全国統一模試で奇跡の1位を取ったその翌週、校長GODの声が響く。
「お前たちの努力を認めよう。報酬として“地上実習”を命ずる。」
「報酬なのに命令!?」
「地上って……あの“人間界”!?」
「やったー!修学旅行だーっ!!!」
浮かれる生徒たちを前に、さっちゃん先生は腕を組んで不敵に笑う。
「地上での行動は、天界の看板を背負うのよ。ひとつでも問題を起こしたら全員、地獄の監獄行きよ!」
「先生、厳しすぎませんか!」
「上等だわ。

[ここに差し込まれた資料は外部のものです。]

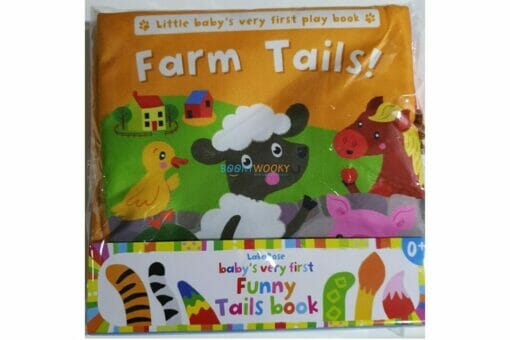 Farm Tails Cloth Book Babys Very First Funny Tails Books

地獄出身ですから!」
天界遠足、東京到着!
雲の上から降下する黄金のバス。
降り立ったのは、まぶしいほどに光る大都会
東京・渋谷駅 ハチ公前。
「うわっ、天使の輪っかが反射して目立つ!」
「スマホのカメラ向けられてる!?」
「先生!人間たちが“コスプレ撮影ですか?”って言ってますー!」
瞬く間にマスコミが殺到!
記者たち:「新宗教団体?」「金色のバス?」「謎の修学旅行?」
さっちゃん:「宗教じゃありません、教育です!」
ウラト「先生、これ報道されたら天界バレますよ!」
さっちゃん「いいのよ。教育は、時にスキャンダルから始まるの!」
自由行動の時間 ― 悪戯、暴走モード!
班行動中、ONI組の問題児たちは当然のように逸脱。
偽善バイクは秋葉原の電器店でバイクパーツを物色し、
慈愛アイコはゲームセンターで演算チップを景品に交換。
善人ウラトは喫茶店で女子高生相手に“心理分析アンケート”を実施。
結果3班とも迷子。
「なによコレ!GPSつけとけばよかった!」
怒り狂うさっちゃん先生の背後に、テレビ局のカメラがぴたり。
記者「先生、これは教育の一環ですか?」
さっちゃん「一環?違うわよ、教育の地獄輪廻よ!!」
鬼教育、自然の中で炸裂!
翌日、強制的に全員を富士山麓へ連行。
「文明に頼らないで、協力して生きるの!」
テント張り、火起こし、食料調達――全て自力。
「薪が濡れてて火がつかねぇ!」
「お湯が沸かない……!」
「誰か助けてー!」
さっちゃん先生はにっこり笑って、
「いいわね、その絶望顔!今こそ“協力と規律”の時間よ!!」
彼女は鬼のような号令をかける。
「ウラト、指揮をとりなさい!バイク、薪を割れ!リリス、演算で風向き読んで!」
やがて火が灯り、みんなで温かいスープを囲む。
「……先生。あったかいっすね」
「そうでしょ。地獄の火は、優しさの火にもなるのよ」
翌朝、山のふもとに待っていたのは再びニュースクルー。
「奇跡の教師!鬼のように熱い授業!?」
さっちゃん先生「“鬼のように”じゃなくて、鬼教師ですけど?」
カメラの前で笑うONI組。
地上での一日が、彼らの中に新しい光を灯していた。